HOB - Editorial

editorial
hob
jan13
medium
pigeonhole

#1

PROBLEM LINK:

Practice
Contest

Author: Vinayak Garg
Tester: Anton Lunyov
Editorialist: Anton Lunyov

DIFFICULTY:

MEDIUM

PREREQUISITES:

Pigeonhole principle

PROBLEM:

It is best described in the problem statement. See the next section for details of how to get rid of some cumbersome stuff in the problem statement and reveal the actual non-trivial problem we have here.

EXPLANATION:

  1. Time stamp. To restore the actual time stamp of the visit we should have variable day that equals to the day of the visit assuming that days are numbered from zero. Also we should save the previous visit day minute.
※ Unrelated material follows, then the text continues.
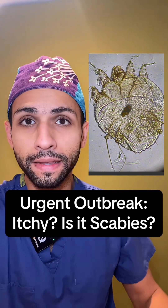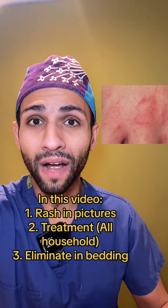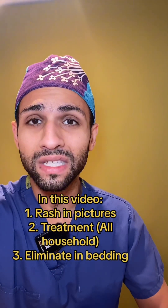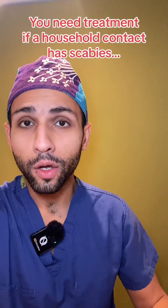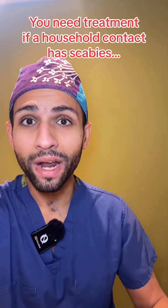There's an outbreak of scabies in the UK. That's not a pet, that's a scabies mite. It's really important to look out for these pictures because they will show you what scabies spots may look like. And loads of people, especially those who are students, are unknowingly spreading scabies.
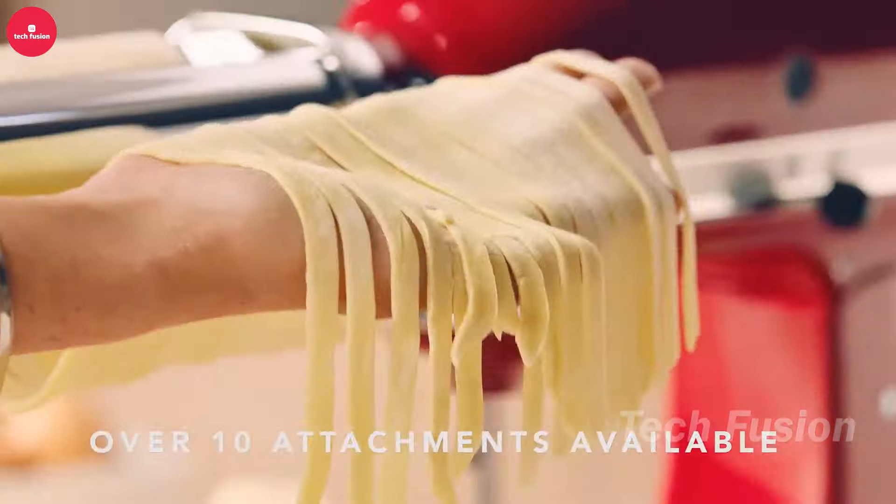Transform your sleep experience with this bug net, designed to create a protective canopy over your bed and keep pesky mosquitoes at bay. Installation is a breeze, taking only a few minutes. The breathable mesh ensures you stay cool and comfortable by allowing air to flow through, even with the fan on. Plus, it comes with a travel bag, making it easy to bring along on your adventures. All this convenience is available for $37.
Then for the current visit with parameters H and M we calculate its day minute as 60 * H + M and compare it with the previous visit day minute. If the current visit day minute is strictly smaller, then the current visit happens next day and we increase day by 1, otherwise the day does not change. Now the time stamp of the current visit is simply 24 * 60 * day + 60 * H + M which we denote as cur.

  2. Total inconvenience. To model inconvenience caused to all previous guests we can declare variable inconv that is initially set to zero and after analyzing each guest it is increased by the inconvenience caused to this guest. To avoid integer overflow you should apply mod R after each increasing.
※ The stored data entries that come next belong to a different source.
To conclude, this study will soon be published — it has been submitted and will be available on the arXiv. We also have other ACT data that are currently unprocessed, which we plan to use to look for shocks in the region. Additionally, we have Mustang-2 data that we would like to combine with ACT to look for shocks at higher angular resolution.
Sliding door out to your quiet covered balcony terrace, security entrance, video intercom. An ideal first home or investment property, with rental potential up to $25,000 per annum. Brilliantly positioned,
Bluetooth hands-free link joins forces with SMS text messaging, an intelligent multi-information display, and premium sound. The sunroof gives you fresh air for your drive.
  3. RNG value. The simplest way to calculate RNG value is to use Horner algorithm performing all operations modulo R and then add inconv in the end (also modulo R). See tester’s solution and function hash() there as a reference.

  4. Freeing time. To process each guest we need to know for each room when it will be free. Hence denote by time[r] the time when the room r will be free. So initially time[r] = 0 for all r from 0 to R-1, inclusive. The room r should be considered as free for the current visit if and only if time[r] ≤ cur.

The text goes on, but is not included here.